I was able to get the expression with some help now i need to show for any $x\geq 0$

$$|E_n(x)| \leq \frac{2}{(n+1)!}x^{n+1}$$ as well show that $E_n(x) = o(x^n)$

I know that the taylor's polynomial contains the following :-

$$f(x) = T_n(x) +\frac{f^{n+1}{(\alpha)}}{n+1!}(x-c)^{n+1}$$

Therefore my polynomila expansion goes up to the fourth derivative therefore using the error formula I get:-

$$f(x) = T_n(x) + \frac{f^5(\alpha)}{(5!)}(x-c)^5$$

I evaluated the fifth derivative and got the following ;-

$$f'''''(x) = \frac{-1}{16}e^{-x/2}- e^{-x}$$

therefore substituting into the error form we get the following:-

$$|E_n(x)| = \frac{\frac{-1}{16}e^{-\alpha/2}- e^{-\alpha}}{5!}x^5$$

Now

$$ \frac{\frac{-1}{16}e^{-\alpha/2}- e^{-\alpha}}{5!}x^5 \leq \frac{2}{(n+1)!}x^{n+1}$$

I am confused as the question says show for any x $ \geq 0 $ Do I pick any X value and evaluate both sides to show that the inequality holds.
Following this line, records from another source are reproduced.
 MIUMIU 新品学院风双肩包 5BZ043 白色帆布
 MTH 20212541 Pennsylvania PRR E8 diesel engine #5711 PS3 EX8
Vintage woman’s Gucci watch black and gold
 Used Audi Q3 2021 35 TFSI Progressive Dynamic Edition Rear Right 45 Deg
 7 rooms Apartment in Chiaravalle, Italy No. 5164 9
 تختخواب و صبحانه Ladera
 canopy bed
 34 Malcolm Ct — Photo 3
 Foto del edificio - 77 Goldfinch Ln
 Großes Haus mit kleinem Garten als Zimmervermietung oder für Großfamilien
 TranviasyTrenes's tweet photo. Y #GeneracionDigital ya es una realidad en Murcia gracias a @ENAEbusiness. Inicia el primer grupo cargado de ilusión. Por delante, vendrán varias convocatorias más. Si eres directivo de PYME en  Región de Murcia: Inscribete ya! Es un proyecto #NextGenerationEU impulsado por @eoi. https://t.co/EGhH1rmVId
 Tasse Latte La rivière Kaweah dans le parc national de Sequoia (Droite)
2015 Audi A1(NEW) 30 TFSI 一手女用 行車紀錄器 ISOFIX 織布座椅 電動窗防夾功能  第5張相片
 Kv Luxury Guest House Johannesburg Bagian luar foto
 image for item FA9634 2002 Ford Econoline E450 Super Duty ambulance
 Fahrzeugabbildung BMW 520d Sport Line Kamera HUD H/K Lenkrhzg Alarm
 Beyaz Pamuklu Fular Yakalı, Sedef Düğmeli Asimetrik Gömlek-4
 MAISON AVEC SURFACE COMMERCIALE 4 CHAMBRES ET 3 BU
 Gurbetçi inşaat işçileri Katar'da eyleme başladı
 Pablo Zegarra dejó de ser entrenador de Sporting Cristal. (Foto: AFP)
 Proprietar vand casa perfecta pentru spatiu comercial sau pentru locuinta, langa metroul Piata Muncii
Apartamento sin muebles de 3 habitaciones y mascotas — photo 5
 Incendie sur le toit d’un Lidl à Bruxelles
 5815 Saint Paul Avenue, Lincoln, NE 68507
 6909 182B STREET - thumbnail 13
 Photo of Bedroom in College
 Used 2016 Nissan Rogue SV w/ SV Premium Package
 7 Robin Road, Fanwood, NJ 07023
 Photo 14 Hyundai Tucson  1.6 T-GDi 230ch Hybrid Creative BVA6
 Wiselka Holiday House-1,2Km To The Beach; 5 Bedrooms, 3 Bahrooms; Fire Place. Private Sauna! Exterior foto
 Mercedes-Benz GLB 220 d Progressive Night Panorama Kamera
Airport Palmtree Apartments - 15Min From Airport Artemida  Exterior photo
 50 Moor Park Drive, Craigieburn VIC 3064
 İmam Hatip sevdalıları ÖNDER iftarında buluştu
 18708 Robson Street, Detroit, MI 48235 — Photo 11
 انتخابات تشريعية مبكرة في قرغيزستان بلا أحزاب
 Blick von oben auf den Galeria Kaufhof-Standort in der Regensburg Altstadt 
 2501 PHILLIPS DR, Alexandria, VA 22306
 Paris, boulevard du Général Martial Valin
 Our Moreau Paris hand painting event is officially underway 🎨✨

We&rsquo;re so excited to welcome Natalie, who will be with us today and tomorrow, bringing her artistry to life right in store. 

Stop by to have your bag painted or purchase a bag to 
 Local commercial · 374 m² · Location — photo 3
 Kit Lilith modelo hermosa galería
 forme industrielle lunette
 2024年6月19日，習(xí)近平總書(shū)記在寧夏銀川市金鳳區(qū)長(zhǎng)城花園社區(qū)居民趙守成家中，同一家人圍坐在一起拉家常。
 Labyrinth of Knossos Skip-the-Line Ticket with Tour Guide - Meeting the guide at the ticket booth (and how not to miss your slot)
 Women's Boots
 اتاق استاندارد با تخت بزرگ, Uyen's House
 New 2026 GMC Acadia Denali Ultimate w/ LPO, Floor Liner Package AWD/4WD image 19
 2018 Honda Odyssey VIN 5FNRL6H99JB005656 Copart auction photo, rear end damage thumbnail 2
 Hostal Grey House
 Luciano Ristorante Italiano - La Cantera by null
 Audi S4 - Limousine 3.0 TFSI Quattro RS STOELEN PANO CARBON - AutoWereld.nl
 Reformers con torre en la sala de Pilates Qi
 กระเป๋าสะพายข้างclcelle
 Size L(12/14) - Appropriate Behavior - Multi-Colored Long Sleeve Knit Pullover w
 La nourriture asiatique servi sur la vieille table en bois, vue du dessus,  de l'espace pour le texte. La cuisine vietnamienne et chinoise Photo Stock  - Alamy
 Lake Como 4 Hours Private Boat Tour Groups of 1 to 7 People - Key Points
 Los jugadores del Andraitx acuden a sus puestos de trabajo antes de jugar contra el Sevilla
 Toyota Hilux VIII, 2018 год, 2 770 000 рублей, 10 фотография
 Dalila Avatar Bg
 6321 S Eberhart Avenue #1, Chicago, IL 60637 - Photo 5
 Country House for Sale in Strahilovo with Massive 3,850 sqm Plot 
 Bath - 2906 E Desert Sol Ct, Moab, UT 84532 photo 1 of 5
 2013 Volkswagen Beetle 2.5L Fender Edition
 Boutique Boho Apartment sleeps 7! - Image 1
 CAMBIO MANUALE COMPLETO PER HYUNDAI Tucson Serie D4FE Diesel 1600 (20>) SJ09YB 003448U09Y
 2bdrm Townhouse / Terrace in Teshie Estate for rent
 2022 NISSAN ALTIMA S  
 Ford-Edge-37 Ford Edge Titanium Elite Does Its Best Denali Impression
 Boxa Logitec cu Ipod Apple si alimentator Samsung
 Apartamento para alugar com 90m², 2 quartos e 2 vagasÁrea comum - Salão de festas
$$|E_n(x)| \leq \frac{2}{(n+1)!}x^{n+1}$$ as well show that $E_n(x) = o(x^n)$ as x $\to$ 0

Can anyone give me some guidance as to what to do or if I am going about the problem doing the right thing?

Answer 1

In general for $x \geq 0$ you will have $|E_n(x)| \leq \frac{M_n}{(n+1)!} x^{n+1}$ where $M_n=\max_{y \in [0,x]} |f^{(n+1)}(y)|$. Because $f$ is just a sum of two exponentials, you can take this derivative in the general situation and maximize it.

Presumably you want to say that $|E_n(x)|=o(x^n)$ specifically as $x \to 0$. (As phrased, the question is technically ambiguous. If so, that is immediate from this inequality that you just showed. Just divide through by $x^n$ and see that the bound that you have still goes to zero as $x \to 0$.

Answer 2

$E_n \le \frac {|f^{(n+1)}(\alpha)|}{(n+1)!} x^{n+1}$

$\alpha$ is the value that maximizes $|f^{(n+1)}(\alpha)|$ subject to your contraint on $x.$

$f^{(n+1)}(x) = (-1)^{n+1} (e^{-x} + \left(\frac {1}{2}\right)^n e^{-\frac x2})$

Limiting the domain to positive numbers, $|f^{(n+1)}(x)|$ is maximized at $x = 0$

$E_n \le \frac {1 + \frac {1}{2^{n+1}}}{n+1!} x^{n+1} < \frac {2}{n+1!} x^{n+1}$